Bottomless S3-compatible VFS for libSQL/SQLite

Work in heavy progress!

How to build

make will produce a loadable .so libSQL/SQLite extension with bottomless VFS. make release will do the same, but for release mode.

Configuration

By default, the S3 storage is expected to be available at http://localhost:9000 (e.g. a local development minio server), and the auth information is extracted via regular S3 SDK mechanisms, i.e. environment variables and ~/.aws/credentials file, if present. Ref: https://docs.aws.amazon.com/sdk-for-php/v3/developer-guide/guidecredentialsenvironment.html

Default endpoint can be overridden by an environment variable too, and in the future it will be available directly from libSQL as an URI parameter: export LIBSQL_BOTTOMLESS_ENDPOINT='http://localhost:9042'

Bucket used for replication can be configured with: export LIBSQL_BOTTOMLESS_BUCKET='http://localhost:9042'

How to use

From libSQL/SQLite shell, load the extension and open a database file with bottomless VFS, e.g.: sql .load ../target/release/bottomless .open file:test.db?vfs=bottomless

In order to customize logging, use RUST_LOG env variable, e.g. RUST_LOG=info ./libsql.

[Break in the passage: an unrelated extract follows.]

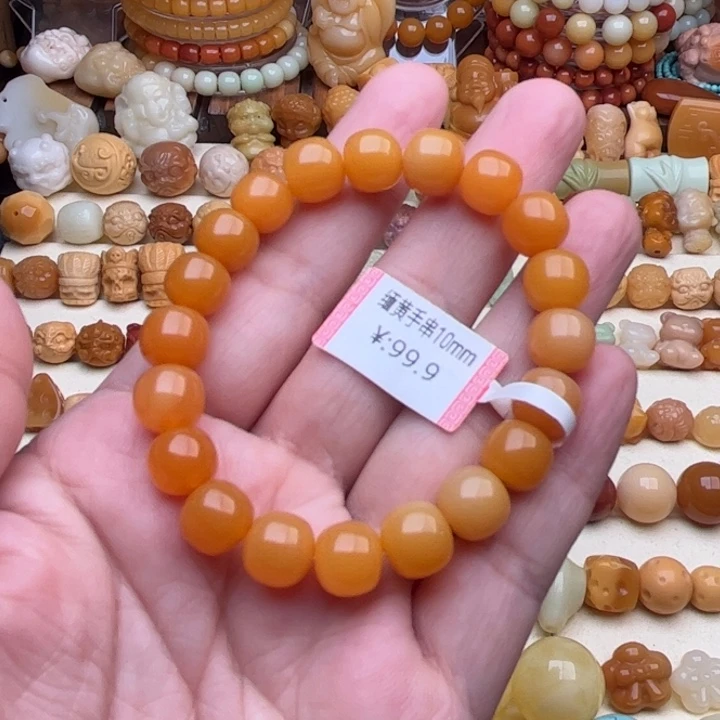 未镶嵌石英质玉（缅黄）珠宝半成品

A short demo script is available in the test/ directory. It assumes that a local S3-compatible server runs at http://localhost:9000. sh cd test ./smoke_test.sh

Initial replication

Once the bottomless module is loaded, it will try to replicate the database file to S3, if the database file is not empty. However, if the target bucket is also non-empty, there's a potential conflict.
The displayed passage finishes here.